For quite some time now various guides on the internet have told us to use modprobe rules on most devices when doing PCI and VGA(GPU) pass-through. While in most use cases you will need to pre-bind your device to vfio-pci, or blacklist the kernel module beforehand, due to libvirt not wanting to dynamically re-bind with your GPU/PCI devices, sometimes it is not needed.
Read Also: Early Results — TPP Hardware Survey
Commonly, due to the size and complexity of GPU/PCI device drivers, a fair portion of these devices will not support dynamic re-binding well, and because of this, it is generally advised to bind to a driver such as vfio-pci due to it having less caveats from the re-binding of each driver during the start-up and shutdown of a guest OS.
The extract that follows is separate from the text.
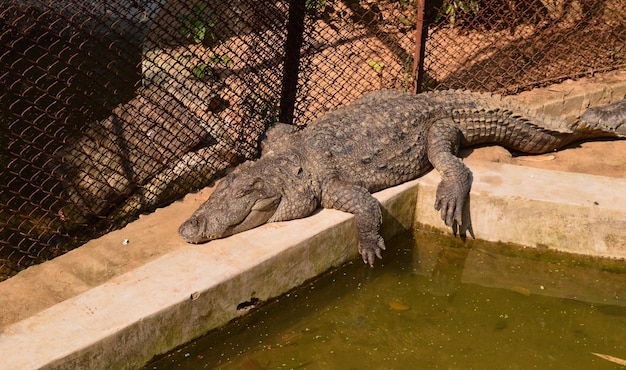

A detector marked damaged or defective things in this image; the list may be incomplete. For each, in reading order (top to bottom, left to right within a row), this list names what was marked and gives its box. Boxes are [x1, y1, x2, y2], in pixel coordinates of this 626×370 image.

rusty metal pole [280, 0, 306, 125]
rusty metal pole [408, 0, 426, 94]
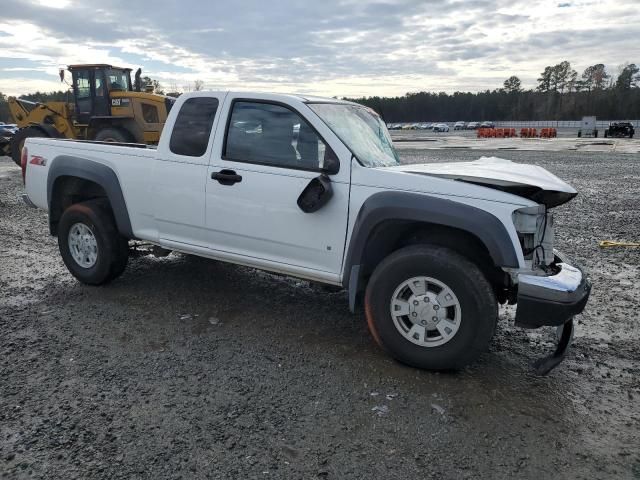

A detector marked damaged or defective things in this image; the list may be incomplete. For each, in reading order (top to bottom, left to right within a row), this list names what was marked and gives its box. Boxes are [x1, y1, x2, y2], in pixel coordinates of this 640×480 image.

In a few edge cases all that will be needed for GPU/PCI device pass-through to work is by simply adding the device in virt-managers “Add Hardware” menu, by selecting the PCI device that you want to pass, and libvirt will automagically do the rest of the work for you with their Node Device API and managed mode attributes.
Managed mode Overview
In 2011 the developers of libvirt added the managed mode attribute to help bind and unbind from the vfio-pci kernel module gracefully. To do this, libvirt has a Node Device API that has the ability of being able to detach/re-attach the PCI device in question.
With managed mode, the device that the user is passing through is detached from the host devices driver when the user starts the guest OS, and then re-attached back to the hosts driver when the user is done using the guest OS.
When using managed mode, libvirt is also allowed to perform a reset of the devices that are being passed through when the guest OS starts, and then reset them again when the guest OS is shutdown. This is critical to assure proper isolation of the PCI devices being passed between the host and guest OS.
In short, manual editing of vfio-pci and modprobe rule additions may not always be necessary.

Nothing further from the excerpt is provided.